Now we can determine some additional facts:
- While our interaction is statistically significant, the plotted lines show the interaction isn't incredibly strong (they almost overlap).
- Looking at the axes of the plot, the scale here really matters. Note here that the values only range between about $[-4,4]$. Low-scale values can be considered large in some contexts (for example if $x$ is BAC content) or essentially meaningless (if $x$ is income in the thousands). The context and research question will determine if these effects and interactions are truly meaningful.
- We still don't know from our simulated example what this means. I have purposely left out what this simulation was supposed to emulate to illustrate an important point: what we are measuring should be important to answering questions of scientific importance. If we don't have any background knowledge driving that inference, then it is hard to determine if it is indeed important. Something like statistical significance has an otherwise limited role in answering those questions.
Model Comparison
Most of this discussion did not really highlight what to do in terms of model comparison. Consider for our simulated example if we fit the models with and without an interaction:
#### Fit Models ####
fit1 <- lm(y ~ x + z)
fit2 <- lm(y ~ x * z)
summary(fit1)
summary(fit2)
As shown here:
> summary(fit1)
Call:
lm(formula = y ~ x + z)
Residuals:
Min 1Q Median 3Q Max
-3.5771 -0.6799 -0.0077 0.6883 4.3606
Coefficients:
Estimate Std. Error t value Pr(>|t|)
(Intercept) -0.006785 0.010013 -0.678 0.498
x 0.020496 0.010027 2.044 0.041 *
z -0.003838 0.009998 -0.384 0.701
Signif. codes: 0 ‘*’ 0.001 ‘’ 0.01 ‘*’ 0.05 ‘.’ 0.1 ‘ ’ 1
Residual standard error: 1.001 on 9997 degrees of freedom
Multiple R-squared: 0.0004315, Adjusted R-squared: 0.0002316
F-statistic: 2.158 on 2 and 9997 DF, p-value: 0.1156
> summary(fit2)
Call:
lm(formula = y ~ x * z)
Residuals:
Min 1Q Median 3Q Max
-3.4854 -0.6830 -0.0075 0.6905 4.3599
Coefficients:
Estimate Std. Error t value Pr(>|t|)
(Intercept) -0.007047 0.010005 -0.704 0.4812
x 0.020198 0.010018 2.016 0.0438 *
z -0.003170 0.009990 -0.317 0.7510
x:z 0.044362 0.010166 4.364 1.29e-05 ***
Signif. codes: 0 ‘*’ 0.001 ‘’ 0.01 ‘*’ 0.05 ‘.’ 0.1 ‘ ’ 1
Residual standard error: 1 on 9996 degrees of freedom
Multiple R-squared: 0.002332, Adjusted R-squared: 0.002033
F-statistic: 7.789 on 3 and 9996 DF, p-value: 3.43e-05
Comparing these two models by their significant terms doesn't really say much. What we would really need is some kind of other determinations, like AIC/BIC or some chi-square test.
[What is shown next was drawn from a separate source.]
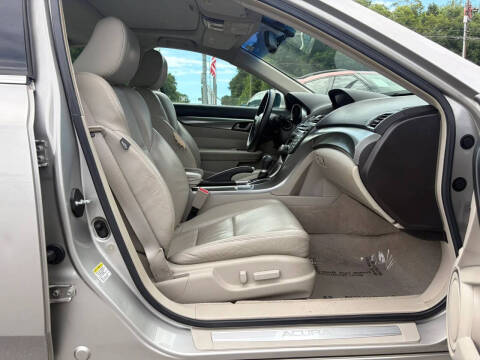 2009 Acura TL w/Tech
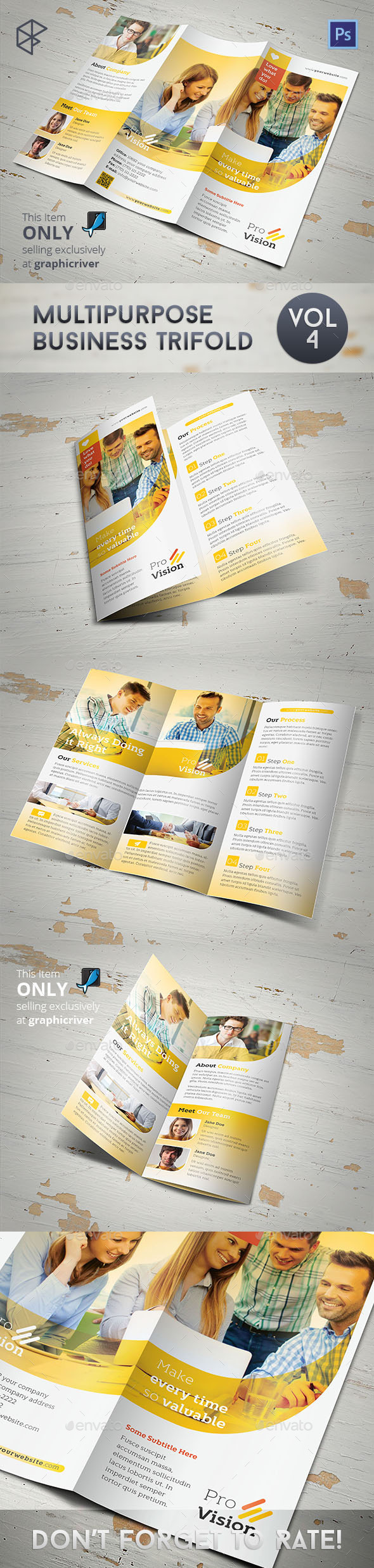 GraphicRiver Multipurpose Business Trifold Vol 4 11110726 GraphicRiver Multipurpose Business Trifold Vol 4 11110726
We can quickly check these to see if this interaction term is indeed important to include:
#### Check Model Comparison ####
anova(fit1,fit2, test = "Chisq")
AIC(fit1)
AIC(fit2)
The chi-square test is unsurprisingly statistically significant because of the sheer degrees of freedom present from the number of data points:
Analysis of Variance Table
Model 1: y ~ x + z
Model 2: y ~ x * z
Res.Df RSS Df Sum of Sq Pr(>Chi)
1 9997 10023
2 9996 10004 1 19.057 1.278e-05 ***
Signif. codes: 0 ‘*’ 0.001 ‘’ 0.01 ‘*’ 0.05 ‘.’ 0.1 ‘ ’ 1
However, our AIC values have very little difference here:
> AIC(fit1)
[1] 28409.57
> AIC(fit2)
[1] 28392.54
So again, we need to consider the data, the theory, and other important factors when comparing such models even in a strictly statistical way.